If you’ve ever looked down your nose at country music, it might be because so many artists seem to suffer some form of multiple-personality disorder.
To wit: Dierks Bentley’s new album, “Home,” finds him cast as lover man, party bro, proud patriot, dedicated dad. Throughout his career, he has gone from bar-crawling lothario to devoted husband from one song to the next.
But so what? Like an actor playing a role, great country singers inhabit their songs and make them sound like they’re living it all right before your ears. When it works, it feels Oscar-worthy. When it doesn’t, it feels suspect, like a politician doling out sweet nothings on the stump.
Dierks Bentley is a great country singer.

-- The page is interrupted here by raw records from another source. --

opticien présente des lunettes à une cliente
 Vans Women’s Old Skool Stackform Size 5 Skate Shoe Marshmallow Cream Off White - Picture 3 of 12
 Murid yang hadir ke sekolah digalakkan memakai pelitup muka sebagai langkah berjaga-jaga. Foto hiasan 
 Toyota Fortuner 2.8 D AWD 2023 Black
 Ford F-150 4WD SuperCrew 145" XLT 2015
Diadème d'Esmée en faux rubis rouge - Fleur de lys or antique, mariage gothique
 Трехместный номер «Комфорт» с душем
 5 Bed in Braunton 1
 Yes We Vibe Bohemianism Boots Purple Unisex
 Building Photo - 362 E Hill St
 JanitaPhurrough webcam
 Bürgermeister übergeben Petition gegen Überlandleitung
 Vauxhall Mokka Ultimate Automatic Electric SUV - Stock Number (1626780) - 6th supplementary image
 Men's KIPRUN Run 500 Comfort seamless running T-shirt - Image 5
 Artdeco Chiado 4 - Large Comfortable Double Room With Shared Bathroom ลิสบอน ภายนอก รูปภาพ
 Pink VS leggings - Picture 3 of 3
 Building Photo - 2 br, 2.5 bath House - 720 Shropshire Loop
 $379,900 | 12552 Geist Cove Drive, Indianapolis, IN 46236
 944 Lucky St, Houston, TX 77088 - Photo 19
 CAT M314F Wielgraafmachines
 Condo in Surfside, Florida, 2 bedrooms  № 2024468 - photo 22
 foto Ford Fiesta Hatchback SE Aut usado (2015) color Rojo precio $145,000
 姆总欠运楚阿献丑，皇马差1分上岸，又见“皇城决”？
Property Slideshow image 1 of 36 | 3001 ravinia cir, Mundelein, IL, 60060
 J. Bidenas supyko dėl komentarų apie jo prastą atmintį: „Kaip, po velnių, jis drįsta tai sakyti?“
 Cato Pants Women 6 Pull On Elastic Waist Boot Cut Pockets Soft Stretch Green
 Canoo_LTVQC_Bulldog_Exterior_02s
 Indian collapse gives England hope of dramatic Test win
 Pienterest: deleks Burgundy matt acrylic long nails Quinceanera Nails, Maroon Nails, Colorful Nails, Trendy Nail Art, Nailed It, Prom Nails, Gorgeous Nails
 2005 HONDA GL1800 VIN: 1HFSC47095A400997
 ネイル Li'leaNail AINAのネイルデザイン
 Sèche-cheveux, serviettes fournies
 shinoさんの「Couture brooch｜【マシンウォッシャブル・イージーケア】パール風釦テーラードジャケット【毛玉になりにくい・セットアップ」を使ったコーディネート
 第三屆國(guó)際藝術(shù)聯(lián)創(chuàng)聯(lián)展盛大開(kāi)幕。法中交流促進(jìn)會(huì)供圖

“Home,” out Tuesday, is his seventh and most assured album, with the 36-year-old Arizona native singing from an array of vantage points with a sure-footedness that wasn’t always totally there. He’s penned a few goofy party anthems over the years, but with the indelible gallop of “Am I the Only One,” you can finally taste the beer. Elsewhere, he’s a homesick family man, a nine-to-fiver pining for escape and a jilted lover in denial.
Bentley says it’s no act. “I’ve been the guy who had the broken heart where your hair falls out in the shower,” he says. “With country music, you have to be a little older and have gone through life. I can hear great singers who have never had their heart broken. I can hear it right away.”